19 февраля в кафе «Март» состоялась встреча «Насколько на самом деле консервативны жители России?», организованная Фондом Егора Гайдара. Своими соображениями о том, справедливы ли разговоры о росте консервативных настроений в россиийском обществе, поделились Лев Гудков, директор «Левада-центра», и политолог Кирилл Рогов. Slon приводит выступления экспертов с небольшими сокращениями.
Лев Гудков, социолог, директор «Левада-центра»
Мне кажется, ни о либеральных, ни о консервативных ценностях в России не приходится говорить всерьез. Есть настроения и реакция на действия власти. В нашей стране, в отличие от других стран, общество как тип социальной организации чрезвычайно слабо.
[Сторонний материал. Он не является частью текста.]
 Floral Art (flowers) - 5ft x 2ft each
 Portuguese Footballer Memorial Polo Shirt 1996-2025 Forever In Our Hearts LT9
Что у нас происходит в последнее время? В ответ на растущее недовольство и массовые протесты власть, чувствуя, что теряет легитимность и поддержку, резко усилила охранительную внутреннюю политику, которая переходит в репрессивную. С моей точки зрения, это закономерный процесс, так как авторитарный режим, теряющий поддержку со стороны населения и ощущающий слабость власти, должен усиливать репрессию, стремясь дискредитировать протестные группы и их каналы влияния на общество. Резкое усиление пропаганды, попытка подморозить, законсервировать страну и тем самым сохранить систему господства – эти действия очень понятны, потому что других способов нет. Общество не идеологизированно. Именно поэтому я не стал бы говорить ни о консервативных настроениях, ни о либеральных. Они характерны для маргинальных групп, небольших по численности.
Из-за государственного патернализма население объединено настроением выживания, адаптации к репрессивному государству. По последним данным, почти 80% опрошенных описывают представителей политического класса как коррумпированных, эгоистичных, неумных, безнравственных людей. И неслучайно: авторитарные институты власти – это не просто определенные правила взаимодействия в обществе, это еще и машины для отбора людей определенного типа. Приход к власти авторитарного лидера, соответственно авторитарной команды, через какое-то время блокирует каналы вертикальной мобильности, замораживает ротацию и циркуляцию элит. Из-за этого власть воспринимается все более негативно, но именно с усилением жесткости контроля возникает ощущение отторжения от нее.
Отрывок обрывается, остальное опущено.